One of the basic principles of reading the Bible is keeping in mind that it is written for us and about us. When God blesses Abraham, He blesses us. We are the people whom God freed from the slavery. The prophet and the disciple whom God calls are each one of us.
So, the deaf and mute man, in coming Sunday’s Gospel reading (Mark 7:31-37), stands for all of us who do not hear the word of God, who have grown oblivious to it. And what is the result of this deafness? A speech impediment. At the spiritual level, if you don’t hear the Word of God clearly, then your capacity to speak it is also severely compromised.
If we were to choose between losing sight and losing our hearing, the majority of us would prefer to be deaf rather than blind. Yet psychological studies show that the suffering of the deaf exceeds that of the blind, because of his or her greater isolation, unable to participate in interpersonal exchanges, which are essentially through speech.
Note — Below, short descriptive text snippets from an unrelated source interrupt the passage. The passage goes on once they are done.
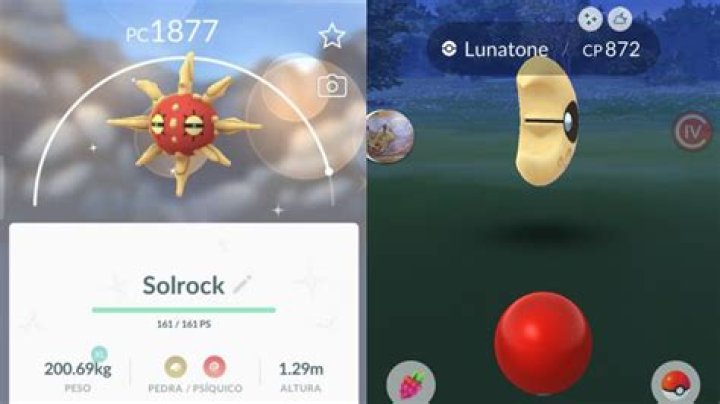 Can You Find Shiny Solrock In Pokemon GO?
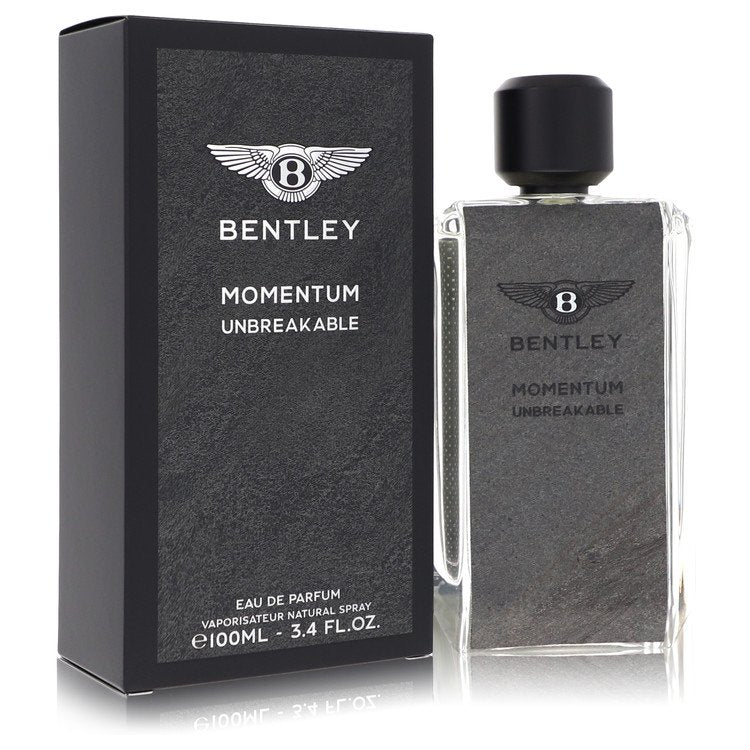 Bentley Momentum Unbreakable Cologne By Bentley Eau De Parfum Spray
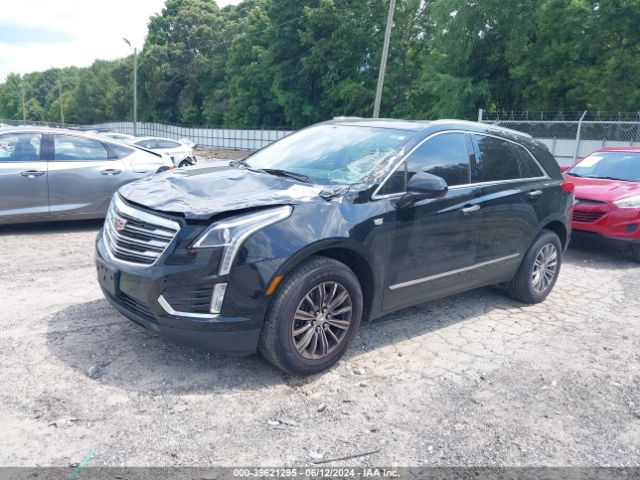 Photo 1 VIN: 1GYKNCRS5KZ272178 - CADILLAC XT5 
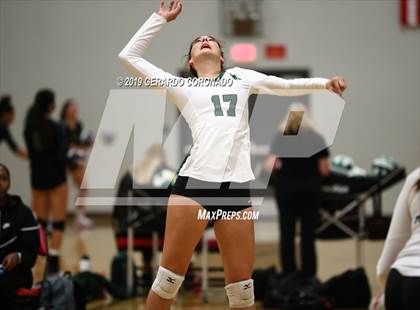 Thumbnail 3 in Pitman vs. Miramonte (Stockton Classic) photogallery.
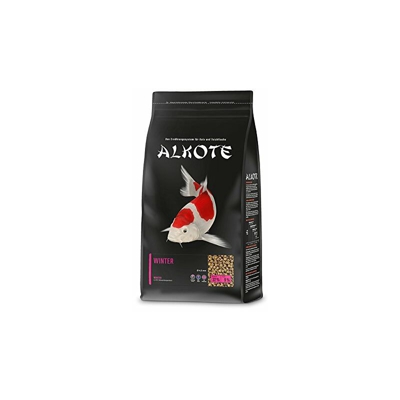 AL-KO-TE, Cibo invernale per kisi, 4,5 mm, mangime principale invernale, 1,5 kg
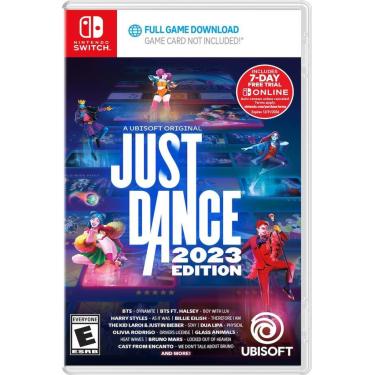 Imagem de Just Dance 2023 (Code in Box) - Switch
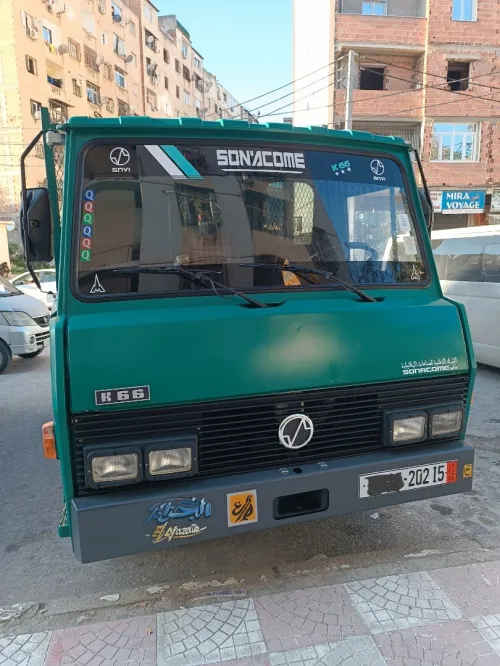 SONACOM K66 2002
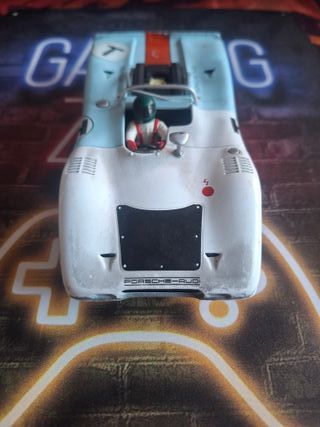 Coche Slot Porsche 917K GB Track Vintage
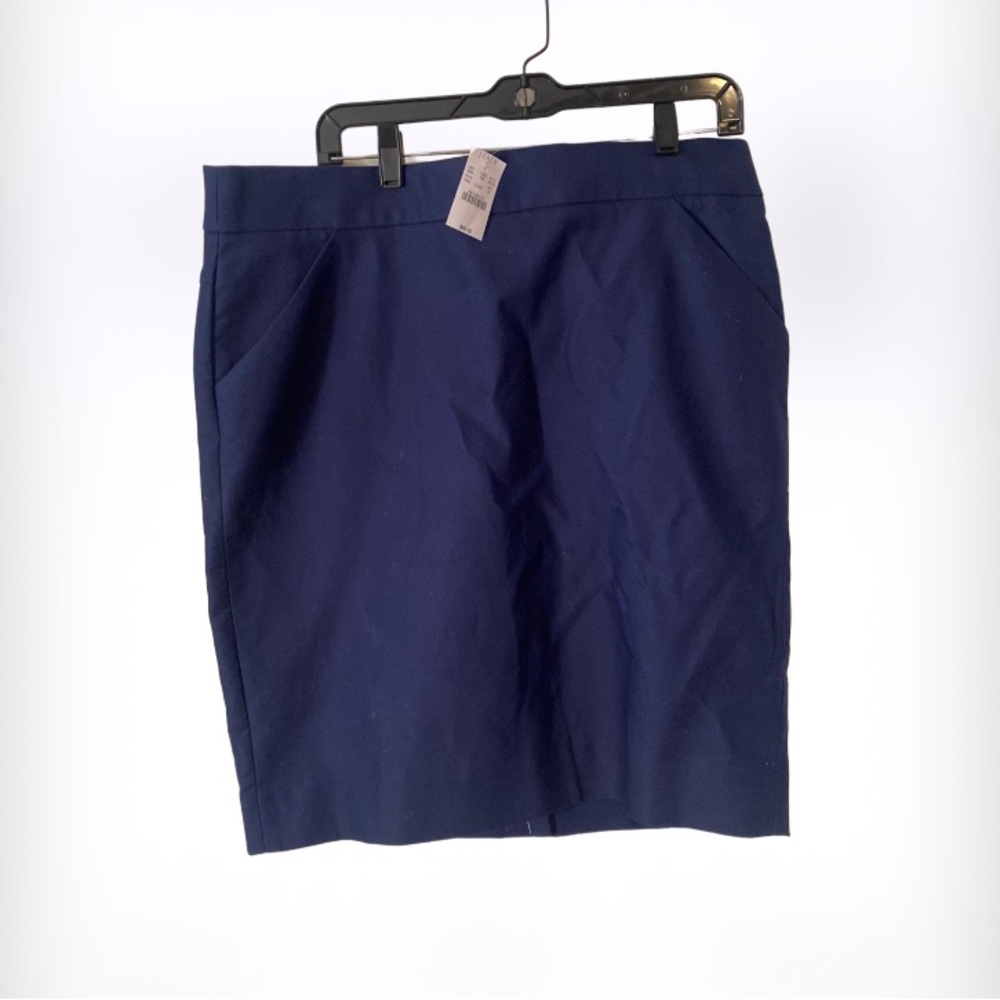 J Crew The Pencil Skirt NWOT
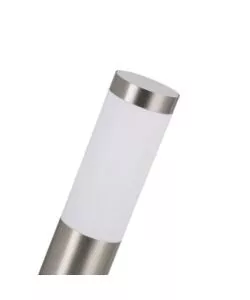 APPLIQUE LED DA ESTERNO EGLO "HELSINKI" GRIGIO 12W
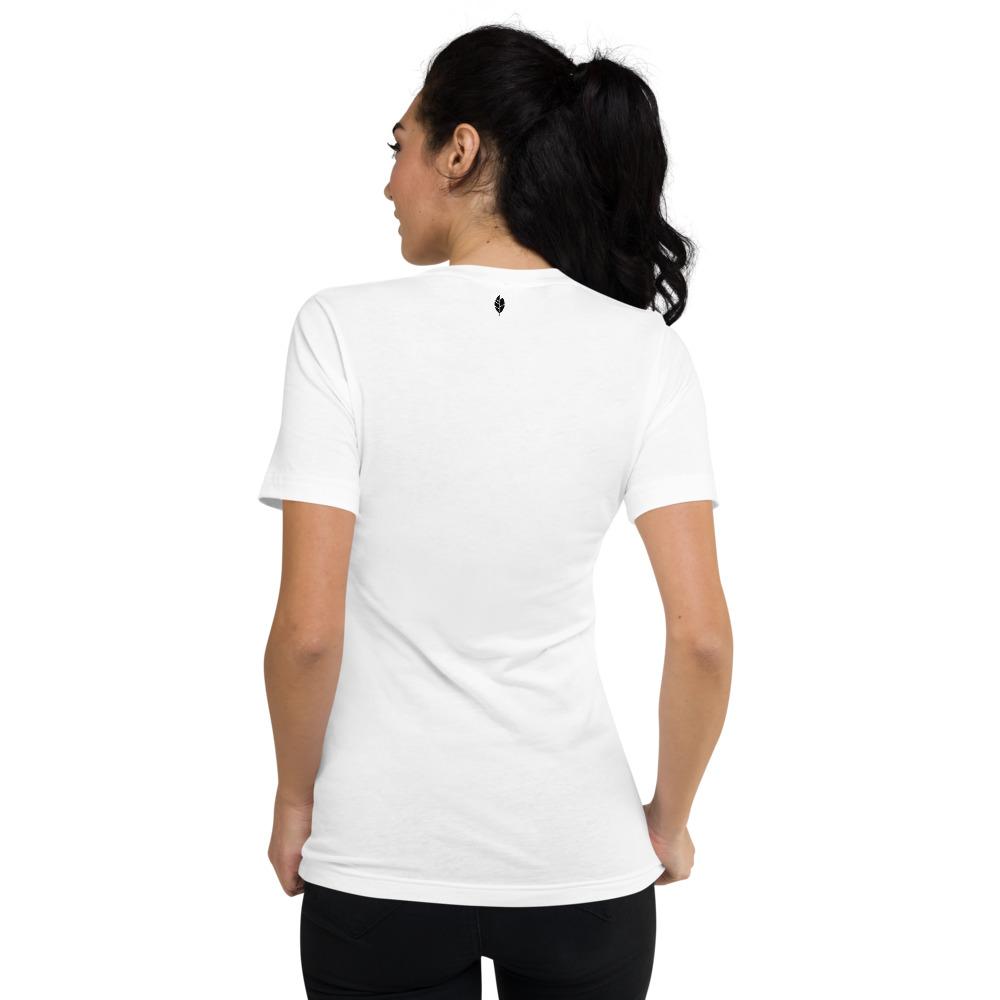 WHITE Team Shirt - VRSH AMBITION-SHIRT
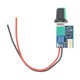 thumbnail image 2 of DC 12V Ajustable 0%-100% PWM Controlador de Velocidad del Ventilador con Interruptor de Perilla Regulador de Velocidad del Ventilador de 4 Cables ReduccióN de Ruido, 2 of 5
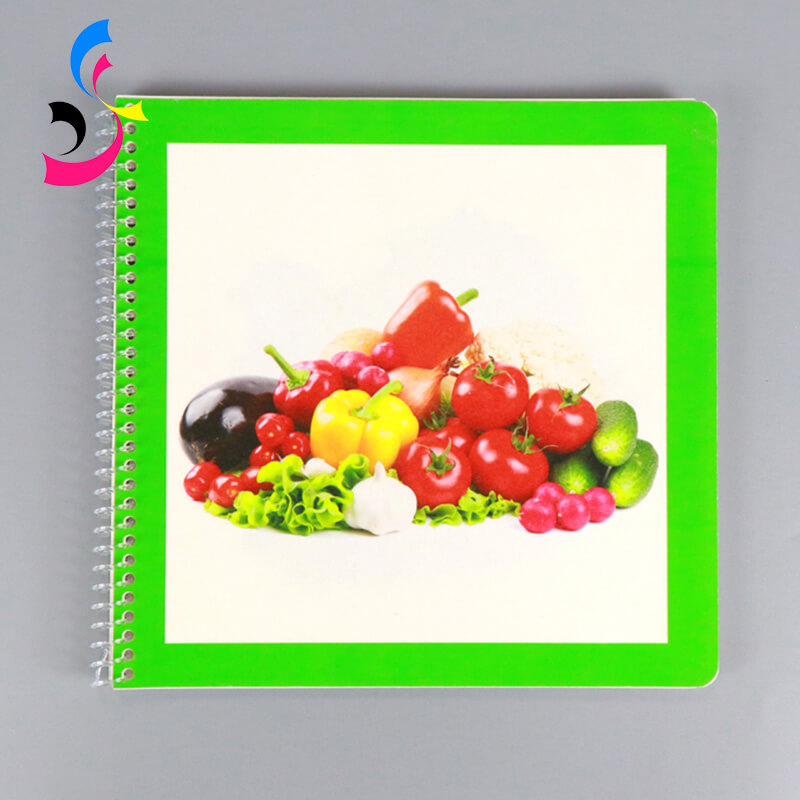 A Guide for Spiral Bound Book Printing SeSe Printing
Alas, this is the sad situation of our humanity: spiritually deaf and blind, we retreat into our empty interiority, immured in our solitude, unable to communicate truly, either with God or with others.
The Good News is that our Lord wants to heal us of our deafness and open our ears to His Word. He wants to heal our muteness, so that we do not remain silent, but converse with Him and proclaim His Word in the power of the Spirit.
But in order that He may accomplish this miracle in us, we must consent to follow Him, away from the crowd, away from the sounds of this world, to meet Him in the prayer and hear His mighty voice “Ephphatha,” that is, “Be opened.”